● What you are asked to do
If the records below hold pictures, omit them, and print exactly the lines from the first line through the line containing "Grey Safari Light Vest", inclusive.
*** Opening of Supplied material ***
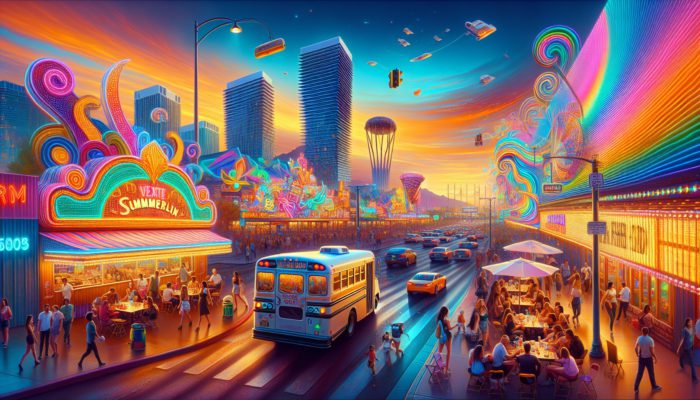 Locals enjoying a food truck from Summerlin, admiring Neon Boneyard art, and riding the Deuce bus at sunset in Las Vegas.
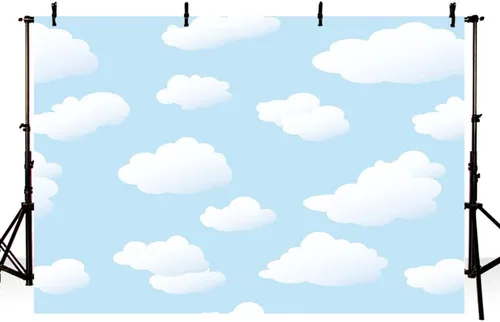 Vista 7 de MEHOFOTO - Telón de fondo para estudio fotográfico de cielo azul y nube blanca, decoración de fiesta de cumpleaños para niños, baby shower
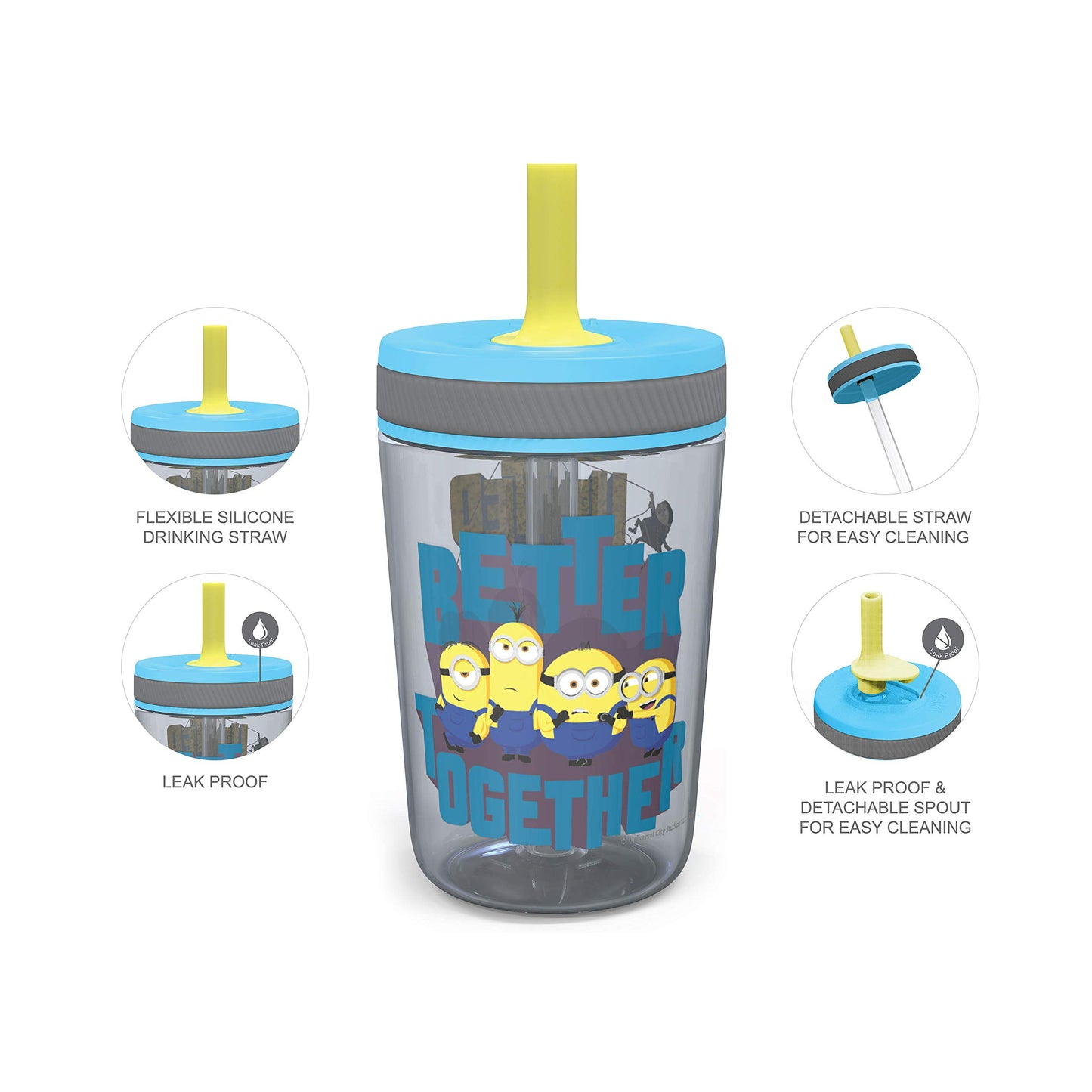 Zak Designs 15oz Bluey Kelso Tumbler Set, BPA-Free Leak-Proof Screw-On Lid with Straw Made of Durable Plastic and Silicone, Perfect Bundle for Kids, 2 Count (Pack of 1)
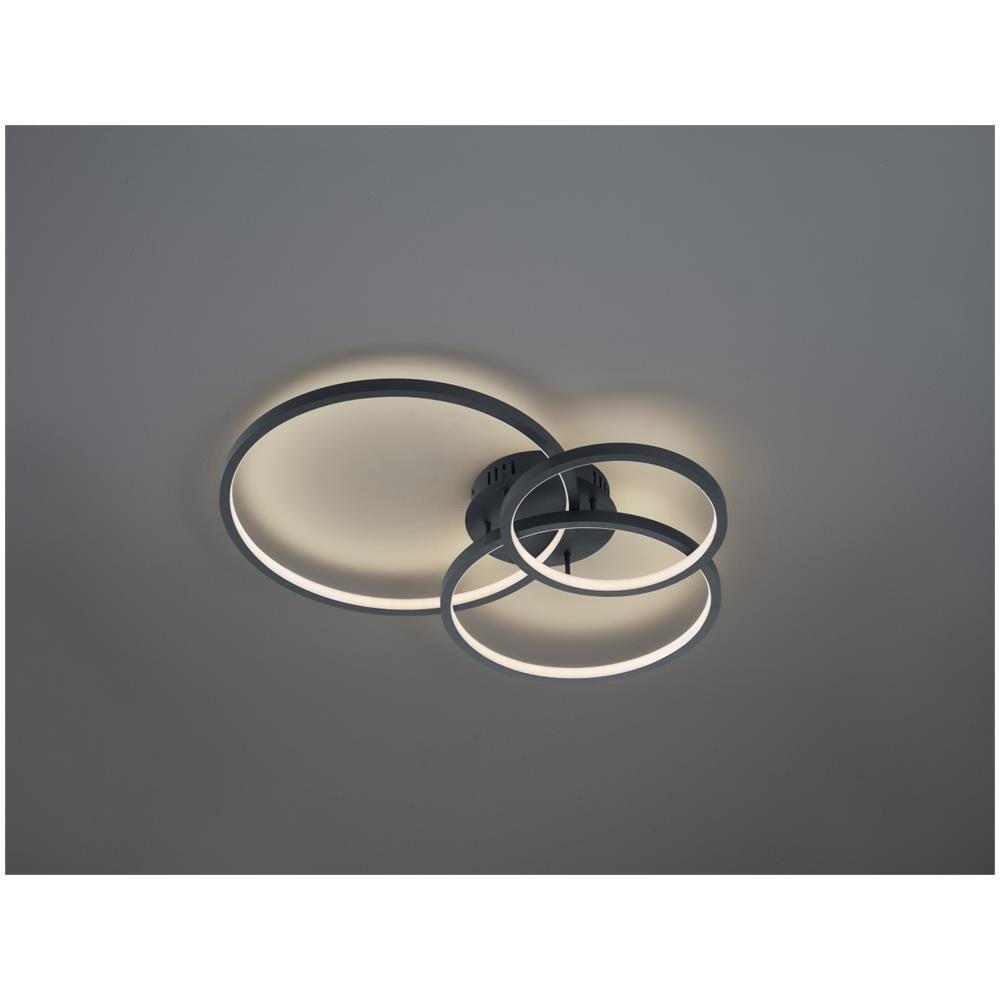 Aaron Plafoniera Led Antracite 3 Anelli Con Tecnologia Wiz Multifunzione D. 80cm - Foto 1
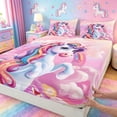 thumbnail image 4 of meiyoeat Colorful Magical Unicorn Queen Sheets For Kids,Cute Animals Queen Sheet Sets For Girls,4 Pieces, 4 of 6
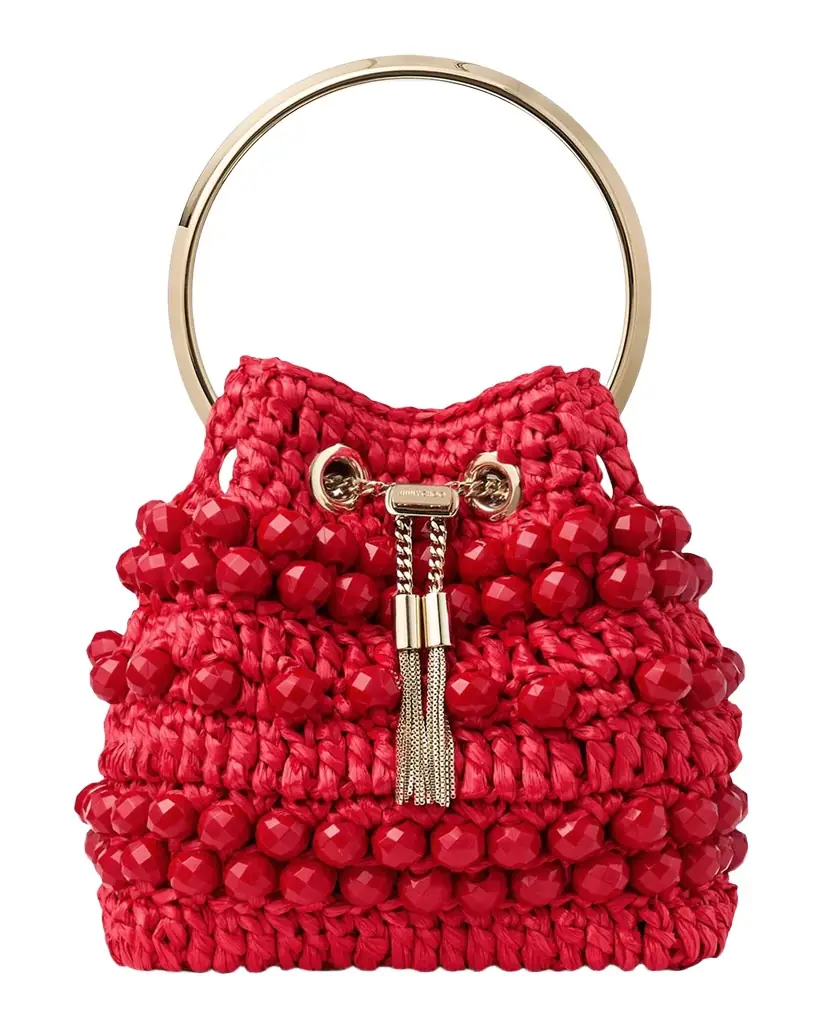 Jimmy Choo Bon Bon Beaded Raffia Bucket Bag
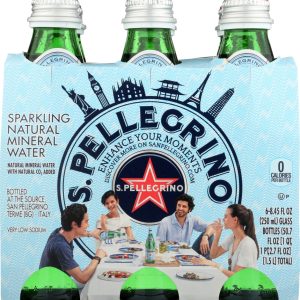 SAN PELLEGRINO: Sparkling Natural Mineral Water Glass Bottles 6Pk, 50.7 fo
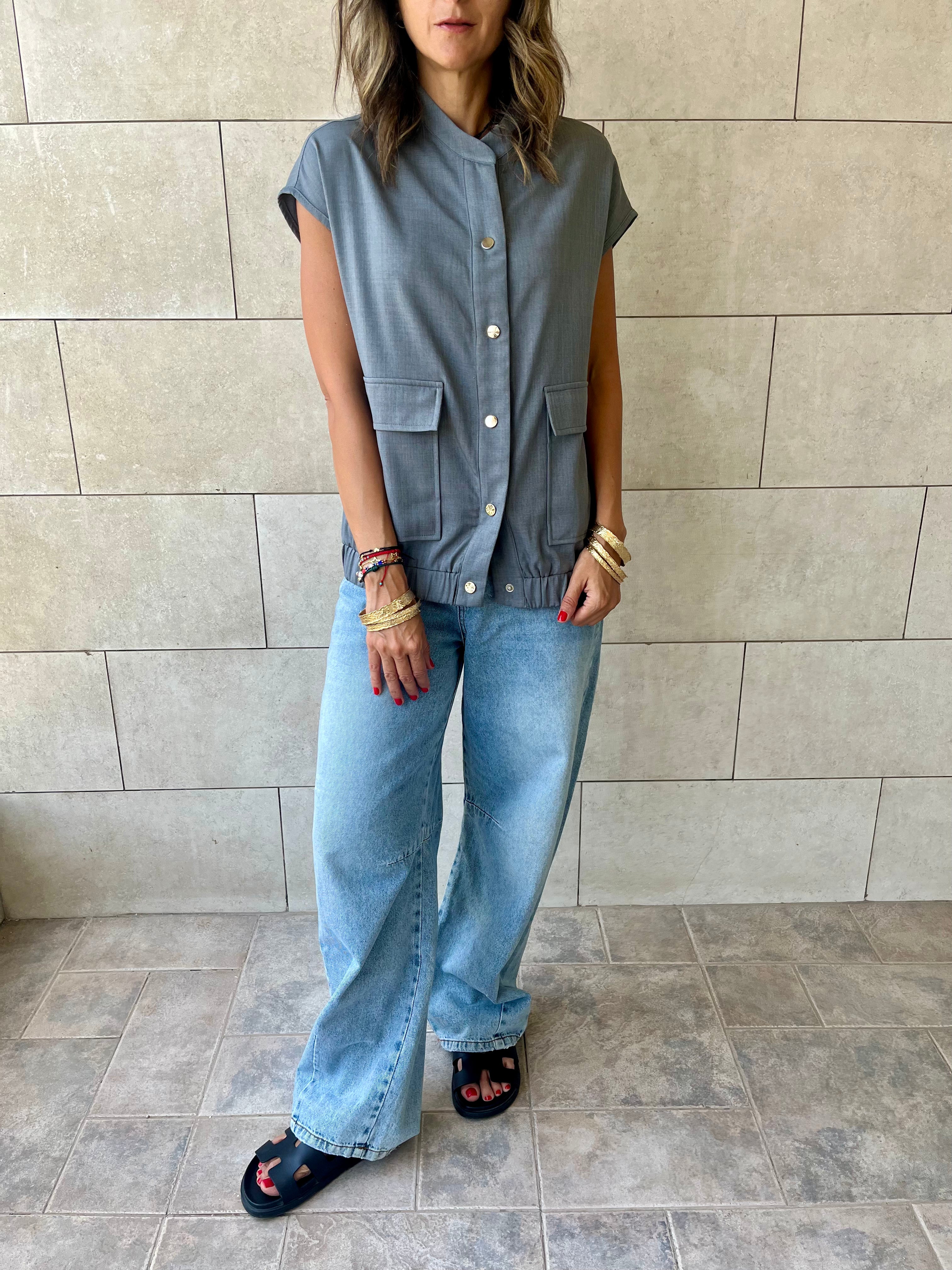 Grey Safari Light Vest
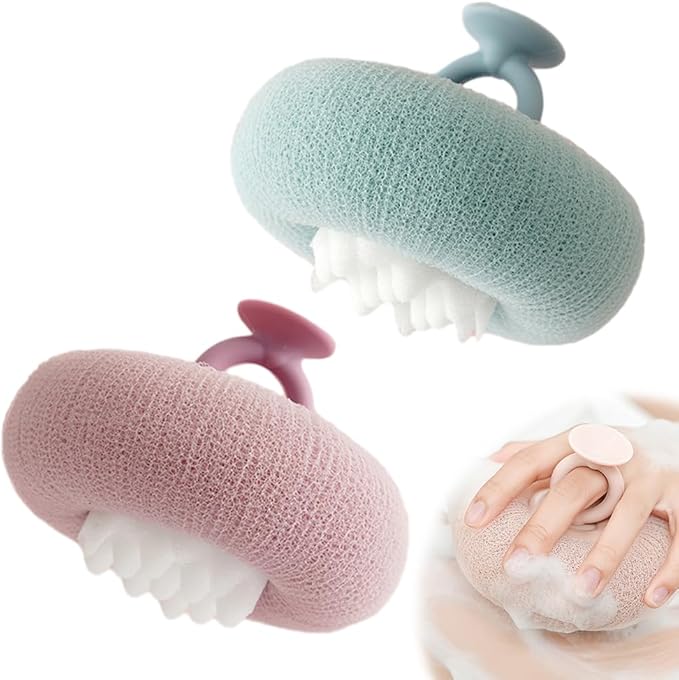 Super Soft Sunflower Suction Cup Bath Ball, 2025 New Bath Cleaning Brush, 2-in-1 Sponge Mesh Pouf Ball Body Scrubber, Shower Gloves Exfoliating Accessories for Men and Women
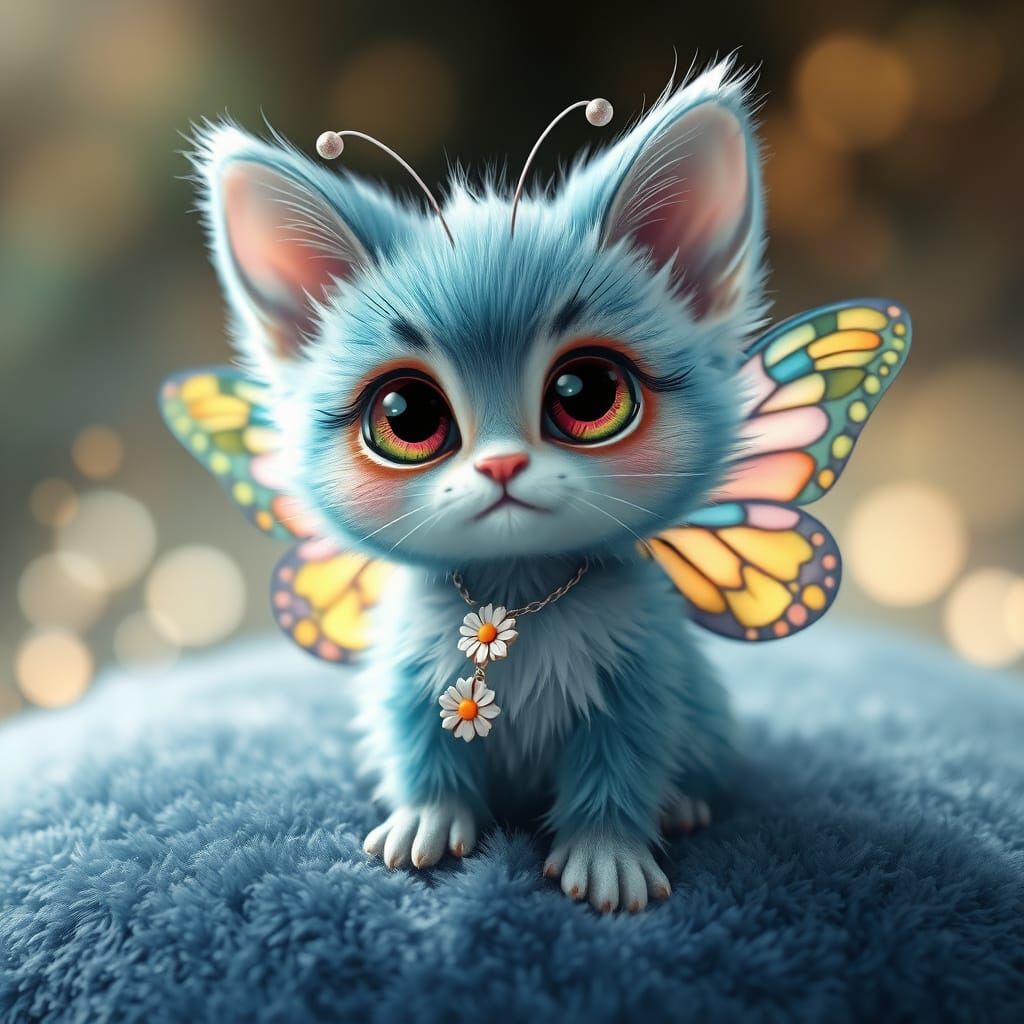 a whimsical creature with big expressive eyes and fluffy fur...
*** Close of Supplied material ***
● Response below
 Locals enjoying a food truck from Summerlin, admiring Neon Boneyard art, and riding the Deuce bus at sunset in Las Vegas.
 Vista 7 de MEHOFOTO - Telón de fondo para estudio fotográfico de cielo azul y nube blanca, decoración de fiesta de cumpleaños para niños, baby shower
 Zak Designs 15oz Bluey Kelso Tumbler Set, BPA-Free Leak-Proof Screw-On Lid with Straw Made of Durable Plastic and Silicone, Perfect Bundle for Kids, 2 Count (Pack of 1)
 Aaron Plafoniera Led Antracite 3 Anelli Con Tecnologia Wiz Multifunzione D. 80cm - Foto 1
 thumbnail image 4 of meiyoeat Colorful Magical Unicorn Queen Sheets For Kids,Cute Animals Queen Sheet Sets For Girls,4 Pieces, 4 of 6
 Jimmy Choo Bon Bon Beaded Raffia Bucket Bag
 SAN PELLEGRINO: Sparkling Natural Mineral Water Glass Bottles 6Pk, 50.7 fo
 Grey Safari Light Vest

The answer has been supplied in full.